Benjamin on the Road


Maybe the most beautiful pages in Benjamin’s 1931-1934 writings are the ones that have least connection to a genre or commission, and don’t even constellate into a “thought figure” with a title. In the English Selected Writings Vol. 2, which I read in Kauai last week, my favorite item was the untitled pages dated May-June 1931. Some of these notes wind up in published writings on Kafka and the thought figure “The Good Writer” (on Hemingway); the comparison between the notes and the publications is interesting. If you read the notes first, you feel as a loss the excision of Benjamin’s jottings about time and circumstance (Juan-les-Pins; May or June; morning or evening; after “[lying around] with Gert and Egon,” or “a very cold wind is blowing”).
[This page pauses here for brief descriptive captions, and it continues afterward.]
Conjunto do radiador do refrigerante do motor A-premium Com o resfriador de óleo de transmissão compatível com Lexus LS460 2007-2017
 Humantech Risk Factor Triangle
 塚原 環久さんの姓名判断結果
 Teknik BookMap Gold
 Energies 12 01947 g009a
Benjamin is affected by his conversations with people, in these pages especially Brecht, but not just when the exchange is with someone forceful such as Brecht; also when it’s a matter of gossip (June 10) or of “the most diverse topics” in a largish group (June 3). Benjamin’s ideas seem only all the more his “own” for refracting others’, in comparison to the effect of contextless encounter with them, and the same is true for the effect of their presentation alongside the vicissitudes of his bodily life. Roland Barthes captures a lot of this effect intentionally in his forms of writing, by referring his ideas to his rhythms. But I don’t think the effect is automatic, something you could get just by always noting your circumstances. The writer needs to be enough of a magical thinker—or maybe just enough of a good Freudian—
to believe in the permeability and transformation of, for example, weather and words. The disparate entries of May-June 1931 seem connected, if enigmatically, and finished in the way they are unfinished.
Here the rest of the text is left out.